Referencing various media, places, and experiences, Proof 30 artists Beau Gomez, Morgan Sears-Williams and Michaëlle Sergile extend an invitation to reflect. Childhood photographs, archival television clips and local geographies constitute points of departure from which the artists develop concepts through film photography, textile weaving, video and 16mm film. Considering the contemporary context of their referenced material, each artist encourages new understandings from the familiar, and explores the malleability of personal and political subjectivity—and how these subjectivities evolve through changing relationships to identity and culture.
Proof is Gallery 44’s annual group exhibition of work by emerging Canadian artists, reflecting a range of current concerns and practices in contemporary photography and lens-based media. Proof is often one of the first exhibitions in a professional context for an emerging artist. Past exhibitions have featured work by Kotama Bouabane, Leila Fatemi, Isabelle Hayeur, Anique Jordan, Laurie Kang, Germaine Koh, Luther Konadu, Meryl McMaster, Karice Mitchell, Elise Rasmussen and Althea Thauberger.

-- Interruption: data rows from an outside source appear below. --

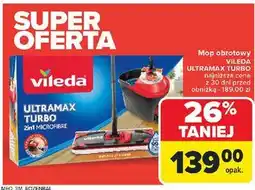 Carrefour Mop ultramax turbo 2w1 Vileda oferta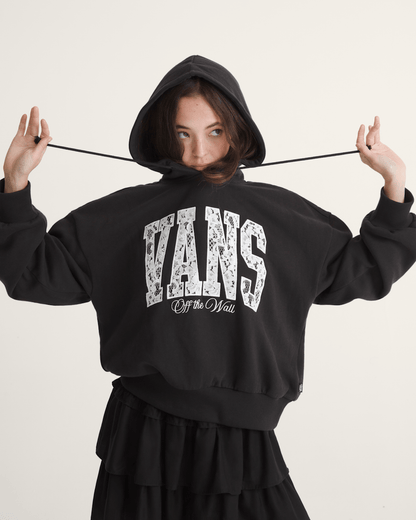 Vans Laced Up Retro Pullover Hoodie in Black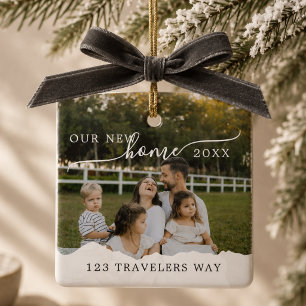 Ornement En Céramique Premier Noël dans notre nouvelle maison Souvenir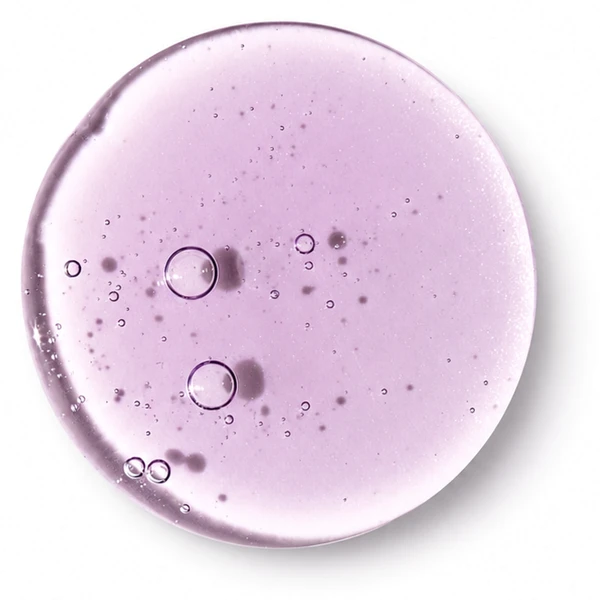 Gloss Finish: gel lila transparente, identidad de la línea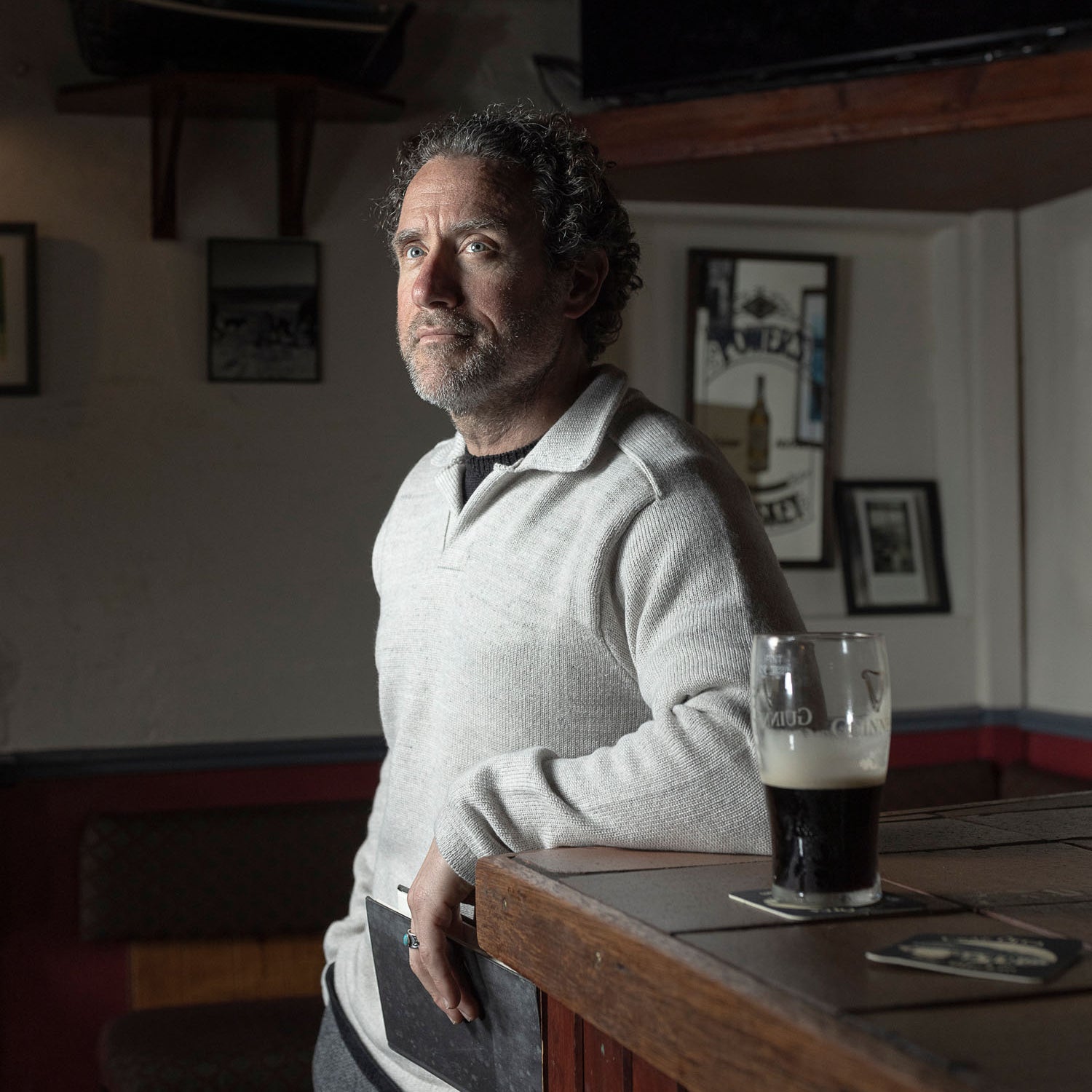 Textured Buttonless Polo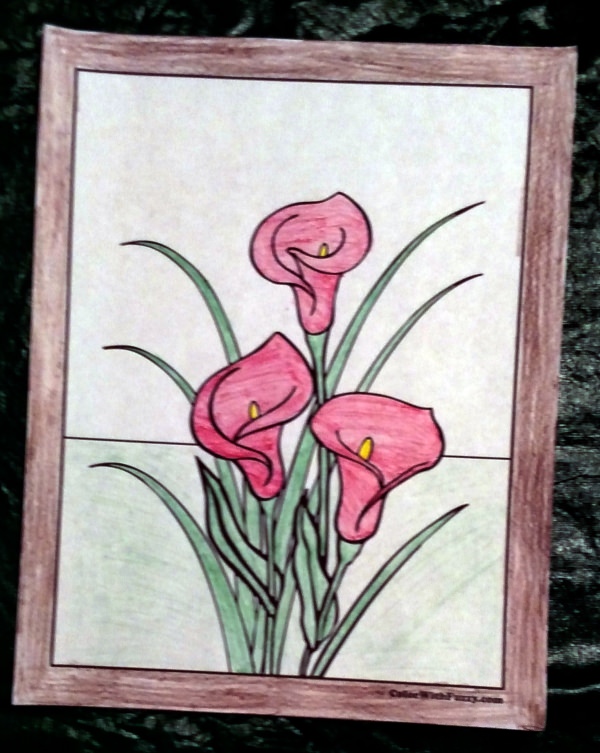 Pink Lily coloring #16, Download drawings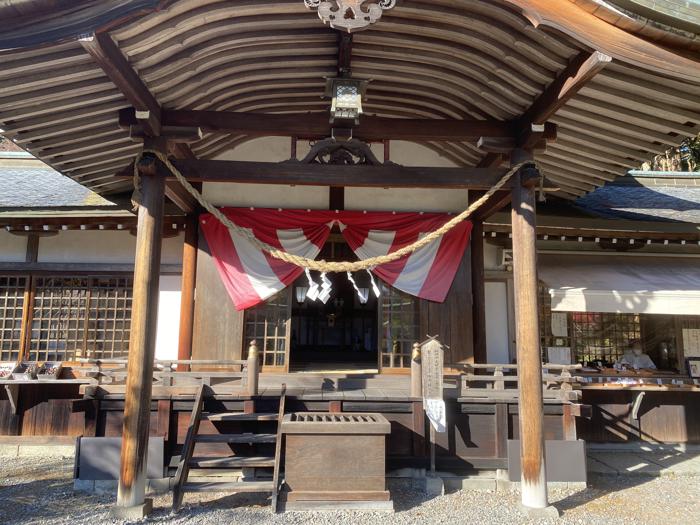 山梨県甲府市にある夫婦木神社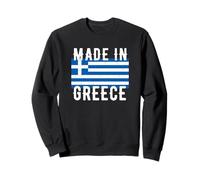 Made in Greece Bandiera Greca Retro Vintage Felpa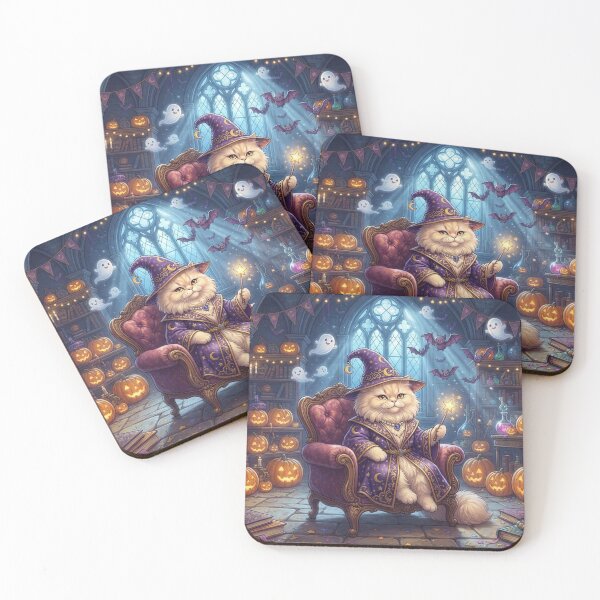 Item preview, Persian Wizard Cat Halloween – Cute Magical Ghost Kitten Fantasy designed and sold by Ghostlycats2026.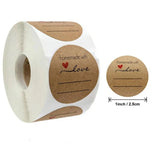 500Pcs Thank You Sticker Envelope Scrapbooking Stationery Labels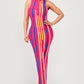 Sunset Boulevard Bodycon Maxi Dress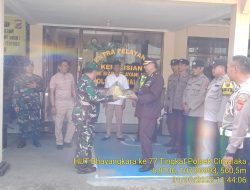 SINERGITAS TNI -POLRI DALAM MEMPERINGATI HUT BHAYANGKARA KE 77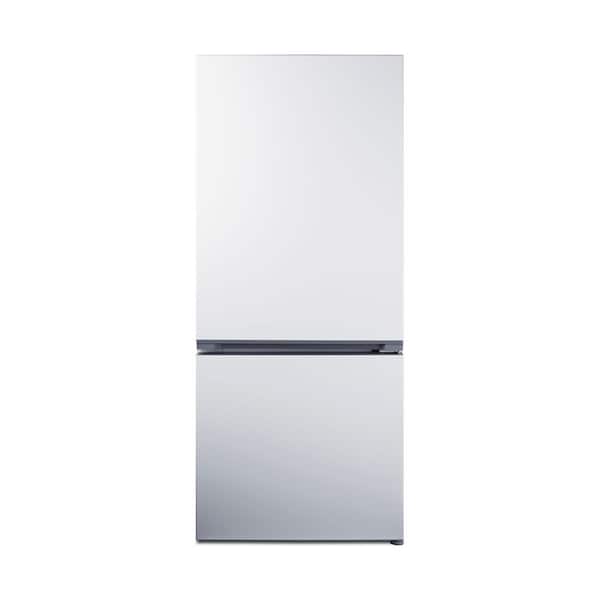 30 in. W 16.1 cu. ft. Bottom Freezer Refrigerator in White, Counter Depth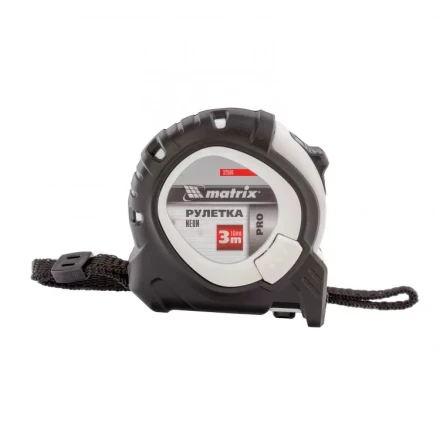 Рулетка Neon 3 м x 16 мм обрезиненный корпус 3 фиксации Pro Matrix 32590 купить в Надыме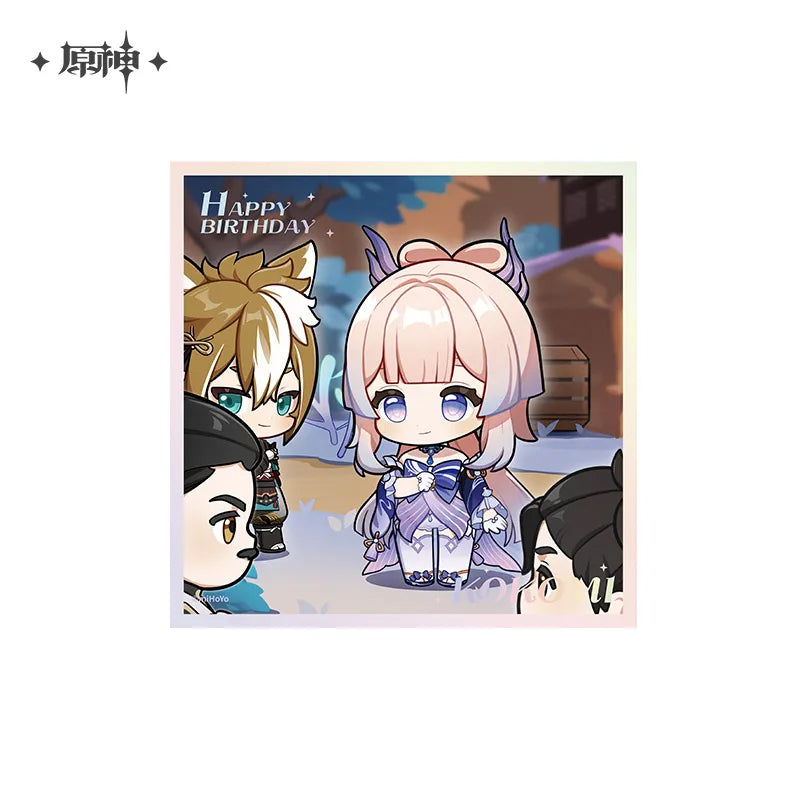 Genshin Impact - Auspicious Moments Series Mini Shikishi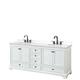 Option White, Black Trim, White Quartz Top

It is Proof’s 30th anniversary! Stay tuned for special anniversary programming as we look through the Proof archive!
Proof 30 is generously supported by the Fabio Mascarin Foundation, a partnership with a shared commitment to advance the careers of emerging artists.
Beau Gomez is a lens-based artist whose practice is informed by ideas, challenges and conversations around cross-cultural narratives as they relate to positions of community, and of otherness. He is interested in activating storytelling and the realm of possibility it offers: as a vehicle for illustrating memory, as an operative point of tension and affect, and as a radical exercise in holding space. Traversing visual and verbal material, his work is grounded in image-making as a conduit between individual and collective history, giving permission to shared means of learning, nurturing and renewal.
Michaëlle Sergile is an artist and independent curator working mainly on archives including texts and works from the postcolonial period from 1950 to today. Her artistic work aims to understand and rewrite the history of Black communities—and more specifically of women—or communities living in diverse intersections, through weaving. Often perceived as a medium of craftsmanship and categorized as feminine, the artist uses the lexicon of weaving to question the relationships of gender and race.
Morgan Sears-Williams (she/her) is an interdisciplinary artist and cultivator based in Toronto and Vancouver. Sears-Williams’s practice embraces an embodied and personal reflection on the body and queer community while speaking to larger structures of power, oppression and social constructions of space. Investigating the use of analog film as a form of projected image and as a sculptural material she considers space and queerness through analog technologies, creating experimental topographies through photographic film and moving images. Bridging eco-processing, experimental film and queer history (both personal and political) she aims to create intimate experiences for viewers to expand their ideas of queer space and time.